Your mandate is to architect and ship the platform that takes Pling to the next 10x of customers and locations — AI-native by design, built to scale across multi-site groups across Europe — and to build the development pipeline that makes our shipping velocity hard to match.
We believe a small, AI-augmented engineering team can outship teams five times its size. You’ll prove that with us.
What you’ll do
Build complete features end-to-end — data model to API to UI
Own the technical direction — architecture, infrastructure, security, performance
Design and own the LLM pipelines that power Pling’s AI features — prompt design, structured outputs, evals, monitoring, cost tracking
Set engineering standards across code and AI features — testing, CI/CD, observability, code review on one side; eval harnesses, regression checks, and quality metrics tied to business outcomes on the other
Define and lead the migration to our next-generation architecture — the stack choices are yours to shape
Build the development pipeline that makes our shipping velocity hard to match
Build the team’s agentic-AI practice — the shared conventions, review patterns, and guardrails that let a small AI-augmented team ship reliably and scale without drowning in AI slop
Hire and lead — bring on the next engineer when the time is right, and define how the team works
About you
Experience 6—9+ years building production software in fast-paced environments, with at least 2 years focused on LLM-powered features in production
Pragmatic about architecture and tradeoffs; you’ve learned that good engineering usually means removing complexity, not adding it
Comfort across the stack — backend center of gravity, but able to ship end-to-end
Production experience with Python, TypeScript/Node.js, and modern databases (SQL and NoSQL)
AI-native fluency Deep practical understanding of LLM behavior: prompting, structured outputs, context window management, common failure modes, handling non-determinism, and writing evals that catch regressions before users do
Pragmatic about model selection — pick across providers (Claude, GPT, Gemini, open-weights) based on cost, latency, and quality tradeoffs for each use case
Know when not to reach for an LLM. A lot of good engineering is knowing when a regex, a lookup table, or deterministic code is the right answer. You hate AI slop as much as you love AI leverage.
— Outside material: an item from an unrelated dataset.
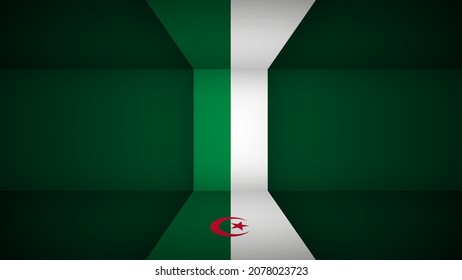 EPS10 Vector Patriotic background with Algeria flag colors. An element of impact for the use you want to make of it.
Proven at team scale, not just solo — you’ve established how a team works with agentic AI: shared conventions, code review calibrated to AI-generated logic, and eval expectations that keep output reliable as the team grows
Builder mindset You’d rather build than manage. AI excites you because it lets you ship at a scale you couldn’t before.
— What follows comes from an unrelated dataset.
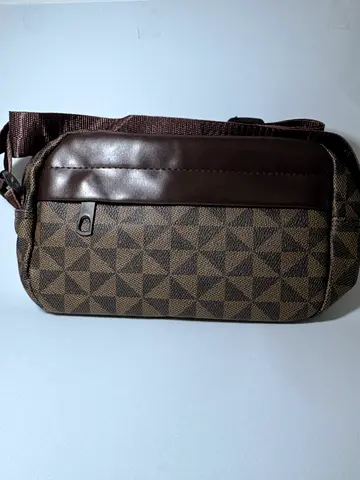 Brown light weight sling bag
High agency: you operate independently in fast-changing conditions and don’t wait for permission to solve the problem in front of you.
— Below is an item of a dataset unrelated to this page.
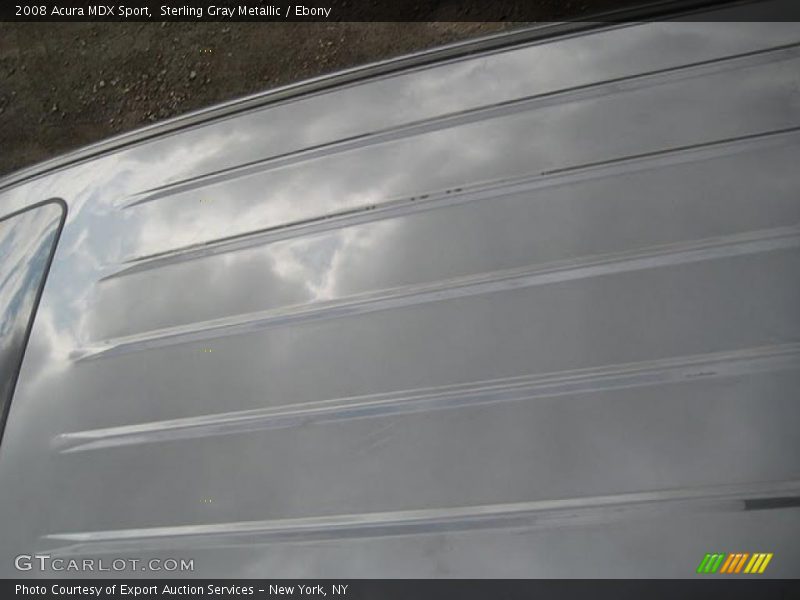 Sterling Gray Metallic / Ebony 2008 Acura MDX Sport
You love writing and shipping code — and you’re not precious about it. When the problem shifts, you rewrite rather than defend.
Engineering excellence Code quality is a habit, not an afterthought: testing, review, quality gates
Strong on operational excellence: security, reliability, performance, observability
Confident with CI/CD and production deployments
Collaboration Clear communicator who explains technical trade-offs to founders, customers, and future hires
Balance speed, quality, and long-term sustainability in your decisions
Fluent English. German is a big plus — our customers operate in German
Why Pling
Strong traction in an attractive niche. Profitable, growing fast, in a category few others are addressing.
An ambitious platform vision. Horizontal expansion to other medical specialties and a vertical marketplace dimension both within reach.
Equity anchored at pre-fundraise valuation. Because we haven’t raised yet, the upside on equity granted now is materially higher than it will be even six months from now.
Dynamic, fast-paced environment with experienced founder-operators and domain experts — direct access, fast decisions.